– I’ll say this: Joe Kelly is the most interesting player on the Red Sox roster this year. Most interesting to watch, at least. Anything could happen on any given night. Literally, anything. His stuff is electric, he has plenty of personality and you just don’t expect 98 mph lasers to shoot forth from his arm. But they do.
You also don’t really expect a guy with his strikeout potential to give up runs and hits in huge bunches. But he does.
The WEEI radio team spent the better part on an inning discussing why he doesn’t have “swing-and-miss” stuff during his start against Toronto earlier this. A start in which he struck out 10 batters. I don’t think the question is his stuff. It’s his focus. Maybe. Or his location. I’m leaning toward focus. He tends to give up runs early on, and make routine fielding plays more exciting than they have to be. But he’s locked in, I’ve been left wondering if he’s not the best pitcher in baseball. When he’s locked in. Tonight, another high-run yield. And again, some high points. To me, his is the most intriguing storyline as the season progresses. If he can find that focus, look out. I’m going to enjoy watching it either way.
Napoli vs. Nava
– As trade bait for starting pitching keeps getting bandied about, it’s puzzling to me that Mike Napoli’s name doesn’t get floated out there. Stick with me on this one. What does Napoli offer that Nava can’t? Power?
But is it really power? Or are we hanging on to the idea of Napoli’s power? His home run totals have dwindled consistently since his career high of 30 in 2011 (24 in 2012, 23 in 2013, 17 last year and so on). Granted, injuries and health problems have been a part of that, but he’s also been in the heart of a pretty nasty lineup.

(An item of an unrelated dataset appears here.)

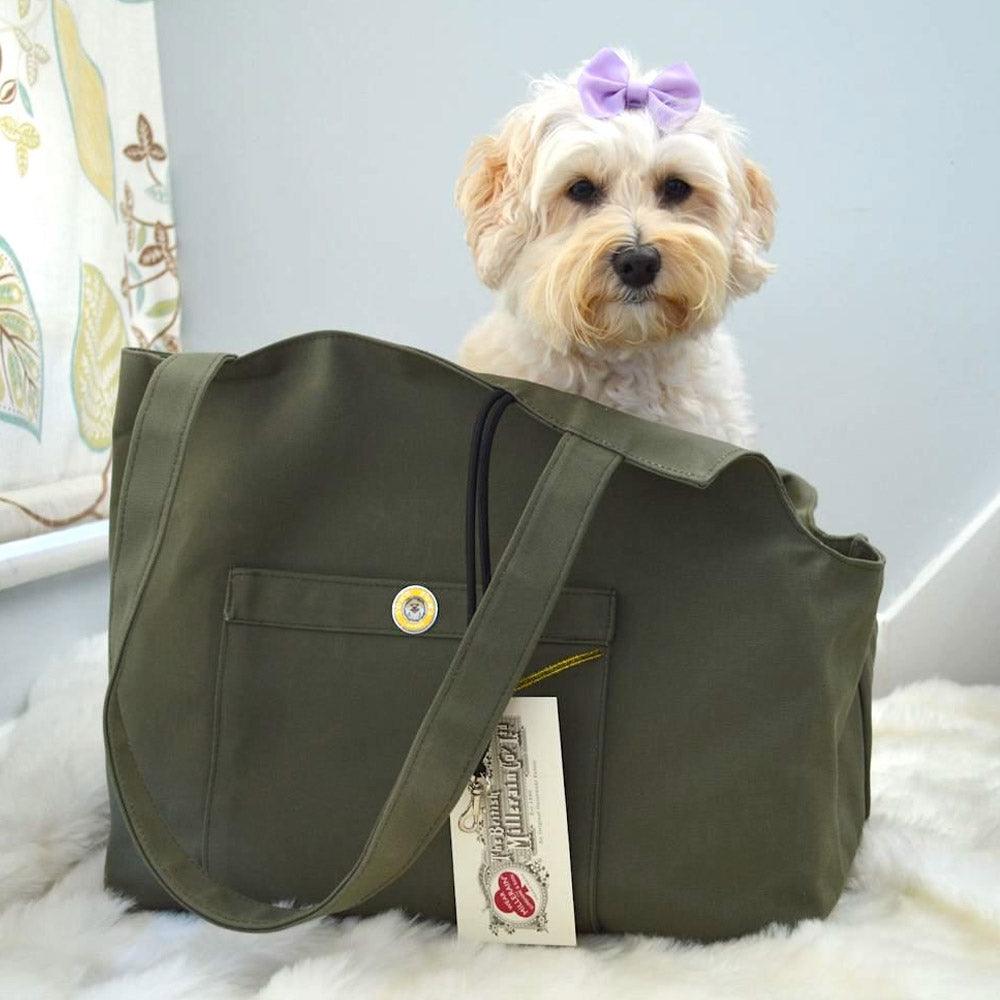 Sac de Transport Pour Chien Coton Ciré Olive par SohoPoms - Pom D'Azur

Discount the idea of power, and Nava suddenly becomes a very statistically comparable player at first base. The clear advantage I see in Napoli is his ability to consistently grind-out extra pitches from an at-bat, which I love. I just wonder if a trade package involving Napoli brings in a higher return while not charging a downgrade to Boston’s current lineup or farm system.
Hey, these guys can fight
This was something I really liked about the 2013 squad – and last year’s squad for that matter. Even in the face of a sizeable deficit, as Boston showed tonight, they’re content to scratch away at a lead and see what happens from there. It served the 2013 well in the playoff run – an intangible, hard-to-quantify quality that somehow makes all the difference – and I saw flashes of it in a bridge 2014. The same character showed through tonight for a couple innings tonight in the face of an 8-0 deficit. At some point, the breaks will start to go the other way.